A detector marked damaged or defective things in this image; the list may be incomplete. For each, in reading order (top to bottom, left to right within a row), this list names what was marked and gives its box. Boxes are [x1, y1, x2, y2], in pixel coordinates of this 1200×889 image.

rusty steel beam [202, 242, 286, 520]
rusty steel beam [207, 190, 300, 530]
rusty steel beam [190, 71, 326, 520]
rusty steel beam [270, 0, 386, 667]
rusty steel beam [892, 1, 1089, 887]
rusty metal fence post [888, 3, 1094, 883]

================

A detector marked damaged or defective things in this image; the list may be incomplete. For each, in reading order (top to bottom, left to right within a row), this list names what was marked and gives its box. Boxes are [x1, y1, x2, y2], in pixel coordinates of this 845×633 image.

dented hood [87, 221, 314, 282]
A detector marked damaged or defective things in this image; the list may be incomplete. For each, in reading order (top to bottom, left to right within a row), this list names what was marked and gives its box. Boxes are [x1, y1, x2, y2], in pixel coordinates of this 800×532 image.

================

→ **Aim of the exercise**
Whatever else the listing above holds, retype exactly only the lines from the one containing "this 845×633 image." to the one containing "this 800×532 image.", both ends kept.

→ **Your response**
A detector marked damaged or defective things in this image; the list may be incomplete. For each, in reading order (top to bottom, left to right within a row), this list names what was marked and gives its box. Boxes are [x1, y1, x2, y2], in pixel coordinates of this 845×633 image.

dented hood [87, 221, 314, 282]
A detector marked damaged or defective things in this image; the list may be incomplete. For each, in reading order (top to bottom, left to right within a row), this list names what was marked and gives its box. Boxes are [x1, y1, x2, y2], in pixel coordinates of this 800×532 image.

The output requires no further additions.